* libguile/jit.c (jit_stop_after, jit_pause_when_stopping): New locals.
(scm_jit_compute_mcode): Add ability to stop after N compilations.
(scm_jit_enter_mcode): Comment out printfs for the time being.
(scm_init_jit): Init locals from environment variables.
* libguile/jit.c (compile1): Add debug for when instructions are first
compiled. Will be removed when all is working.
(compute_mcode): Add debugging about what code is compiled.
(scm_sys_jit_compile): Remove per-instruction output.
(scm_jit_compute_mcode): Actually compile JIT code. Use
GUILE_JIT_COUNTER_THRESHOLD to control when JIT happens.
* libguile/jit.c (scm_jit_counter_threshold): Make a static variable
instead of a compile-time constant.
(scm_init_jit): Init scm_jit_counter_threshold from
GUILE_JIT_COUNTER_THRESHOLD environment variable. Default is -1
indicating "never JIT".
* libguile/vm-engine.c (instrument-entry, instrument-loop): Adapt to new
variable.
* libguile/control.c (compose_continuation_code): Fix offset of code
end.
* libguile/jit.c (compile_compose_continuation): Fix test for mcode not
null.
* libguile/jit.c (compile_prompt): Actually push the MRA arg.
(analyze): Mark call continuations as entries, as both FP and SP are
set then, and also mark prompt handlers as entries (and blocks).

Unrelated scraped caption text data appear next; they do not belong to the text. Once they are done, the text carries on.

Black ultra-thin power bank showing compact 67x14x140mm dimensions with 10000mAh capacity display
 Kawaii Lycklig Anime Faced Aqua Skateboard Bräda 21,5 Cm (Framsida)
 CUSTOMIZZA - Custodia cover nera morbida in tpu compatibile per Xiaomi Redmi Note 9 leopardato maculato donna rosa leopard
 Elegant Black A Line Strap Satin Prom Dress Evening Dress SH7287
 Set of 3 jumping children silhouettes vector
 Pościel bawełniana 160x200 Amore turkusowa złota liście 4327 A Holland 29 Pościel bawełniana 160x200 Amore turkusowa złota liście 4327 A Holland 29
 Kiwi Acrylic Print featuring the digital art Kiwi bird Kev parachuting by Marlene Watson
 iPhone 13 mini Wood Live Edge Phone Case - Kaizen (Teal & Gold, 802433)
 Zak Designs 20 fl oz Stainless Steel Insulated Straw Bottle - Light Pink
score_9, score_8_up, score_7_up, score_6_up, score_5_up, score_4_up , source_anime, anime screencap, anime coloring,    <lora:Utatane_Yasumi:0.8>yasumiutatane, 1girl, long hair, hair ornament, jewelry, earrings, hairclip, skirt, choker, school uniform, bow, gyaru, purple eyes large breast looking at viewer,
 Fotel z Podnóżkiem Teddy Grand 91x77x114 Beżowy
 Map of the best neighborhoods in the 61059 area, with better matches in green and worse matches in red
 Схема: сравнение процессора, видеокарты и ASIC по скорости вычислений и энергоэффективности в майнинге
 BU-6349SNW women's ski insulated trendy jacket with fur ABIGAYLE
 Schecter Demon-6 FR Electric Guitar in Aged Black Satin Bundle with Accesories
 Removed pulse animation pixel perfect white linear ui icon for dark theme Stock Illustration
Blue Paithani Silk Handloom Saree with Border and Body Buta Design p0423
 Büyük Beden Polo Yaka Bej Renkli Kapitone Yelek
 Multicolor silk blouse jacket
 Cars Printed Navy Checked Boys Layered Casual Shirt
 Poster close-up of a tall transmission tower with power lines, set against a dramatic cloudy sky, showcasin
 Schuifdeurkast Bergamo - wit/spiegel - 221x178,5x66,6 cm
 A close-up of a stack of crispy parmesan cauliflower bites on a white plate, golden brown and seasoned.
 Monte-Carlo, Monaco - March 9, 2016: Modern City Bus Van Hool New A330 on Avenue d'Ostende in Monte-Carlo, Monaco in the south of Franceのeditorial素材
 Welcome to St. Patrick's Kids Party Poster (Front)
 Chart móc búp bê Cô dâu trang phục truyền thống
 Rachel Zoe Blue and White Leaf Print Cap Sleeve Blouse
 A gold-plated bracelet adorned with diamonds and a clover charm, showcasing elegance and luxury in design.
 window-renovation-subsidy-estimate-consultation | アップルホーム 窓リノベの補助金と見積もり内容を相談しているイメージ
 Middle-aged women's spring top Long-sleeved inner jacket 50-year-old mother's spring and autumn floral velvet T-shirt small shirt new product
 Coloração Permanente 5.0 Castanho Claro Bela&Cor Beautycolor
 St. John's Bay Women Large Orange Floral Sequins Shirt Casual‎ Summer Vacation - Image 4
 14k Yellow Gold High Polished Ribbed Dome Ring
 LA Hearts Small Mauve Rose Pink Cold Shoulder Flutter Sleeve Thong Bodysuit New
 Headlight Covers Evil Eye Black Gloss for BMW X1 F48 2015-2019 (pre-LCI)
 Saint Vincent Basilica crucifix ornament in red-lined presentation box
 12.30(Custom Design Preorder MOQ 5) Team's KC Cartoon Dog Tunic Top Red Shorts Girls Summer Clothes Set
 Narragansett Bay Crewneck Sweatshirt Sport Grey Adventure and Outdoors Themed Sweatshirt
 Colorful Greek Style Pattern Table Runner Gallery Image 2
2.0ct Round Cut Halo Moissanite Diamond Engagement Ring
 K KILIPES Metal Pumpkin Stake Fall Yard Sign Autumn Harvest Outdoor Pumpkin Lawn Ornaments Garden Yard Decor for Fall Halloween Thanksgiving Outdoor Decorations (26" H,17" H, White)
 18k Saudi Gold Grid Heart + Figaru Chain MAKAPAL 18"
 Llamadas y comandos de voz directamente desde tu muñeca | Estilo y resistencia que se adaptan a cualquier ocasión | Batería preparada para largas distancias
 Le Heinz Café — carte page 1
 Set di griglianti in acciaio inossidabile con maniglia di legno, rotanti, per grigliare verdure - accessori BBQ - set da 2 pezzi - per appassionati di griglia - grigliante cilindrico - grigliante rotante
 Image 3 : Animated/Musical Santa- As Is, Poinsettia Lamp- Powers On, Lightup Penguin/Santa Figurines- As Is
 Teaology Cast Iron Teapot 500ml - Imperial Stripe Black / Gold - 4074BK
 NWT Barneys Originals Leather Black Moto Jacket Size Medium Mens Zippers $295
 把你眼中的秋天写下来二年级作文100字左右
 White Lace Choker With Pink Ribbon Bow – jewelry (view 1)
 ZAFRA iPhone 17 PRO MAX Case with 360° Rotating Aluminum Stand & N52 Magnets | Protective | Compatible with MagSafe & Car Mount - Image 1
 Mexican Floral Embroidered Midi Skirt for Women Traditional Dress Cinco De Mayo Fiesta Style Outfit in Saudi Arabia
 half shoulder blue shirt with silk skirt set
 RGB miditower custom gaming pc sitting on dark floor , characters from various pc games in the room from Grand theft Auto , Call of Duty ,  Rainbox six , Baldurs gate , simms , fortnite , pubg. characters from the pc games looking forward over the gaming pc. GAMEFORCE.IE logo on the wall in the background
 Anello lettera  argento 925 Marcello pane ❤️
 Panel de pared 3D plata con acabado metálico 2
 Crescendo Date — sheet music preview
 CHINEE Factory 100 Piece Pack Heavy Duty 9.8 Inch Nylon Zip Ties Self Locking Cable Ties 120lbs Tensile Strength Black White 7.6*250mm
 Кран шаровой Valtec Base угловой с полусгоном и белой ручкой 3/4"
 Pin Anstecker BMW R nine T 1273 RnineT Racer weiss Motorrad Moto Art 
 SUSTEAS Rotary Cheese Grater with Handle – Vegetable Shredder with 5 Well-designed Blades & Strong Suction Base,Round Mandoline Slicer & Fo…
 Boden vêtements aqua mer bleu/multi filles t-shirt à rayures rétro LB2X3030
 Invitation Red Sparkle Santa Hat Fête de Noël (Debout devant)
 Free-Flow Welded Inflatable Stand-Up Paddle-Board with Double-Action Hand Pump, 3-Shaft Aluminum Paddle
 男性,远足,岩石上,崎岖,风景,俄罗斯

* libguile/intrinsics.c (add_immediate, sub_immediate, less_p)
(numerically_equal_p): Add fast paths. Makes one test locally go from
.77s interpreted to .60s.
(scm_to_uint64_truncate): Add a likelihood annotation.
* libguile/jit.c (struct scm_jit_state): Add beginnings of a little
local register allocator.
(reset_register_state): New helper.
(clear_scratch_register_state): Use new helper.
(record_gpr_clobber, record_fpr_clobber): New helpers, used when there
may be cached variables in registers, called when registers are
written.
(set_sp_cache_gpr, set_sp_cache_fpr): New helpers, called when results
are written to the stack.
(emit_retval, emit_movi, emit_ldxi, DEFINE_CLOBBER_RECORDING_EMITTER_R)
(DEFINE_CLOBBER_RECORDING_EMITTER_P, DEFINE_CLOBBER_RECORDING_EMITTER_R_I)
(DEFINE_CLOBBER_RECORDING_EMITTER_R_R): New wrappers for Lightning API
that also records register clobbers. Update callers.
(save_reloadable_register_state): New helper.
(restore_reloadable_register_state): Rename from
ensure_register_state.
* libguile/jit.c (scm_jit_state): Add op_attrs array, for a pre-pass,
and store state of what's in registers.
(SP, FP): Reassign to scratch registers, as in general these need to
be reloaded anyway after callouts.
(die, DIE, ASSERT, UNREACHABLE): Add better invariant-testing.
(clear_register_state, clear_scratch_register_state)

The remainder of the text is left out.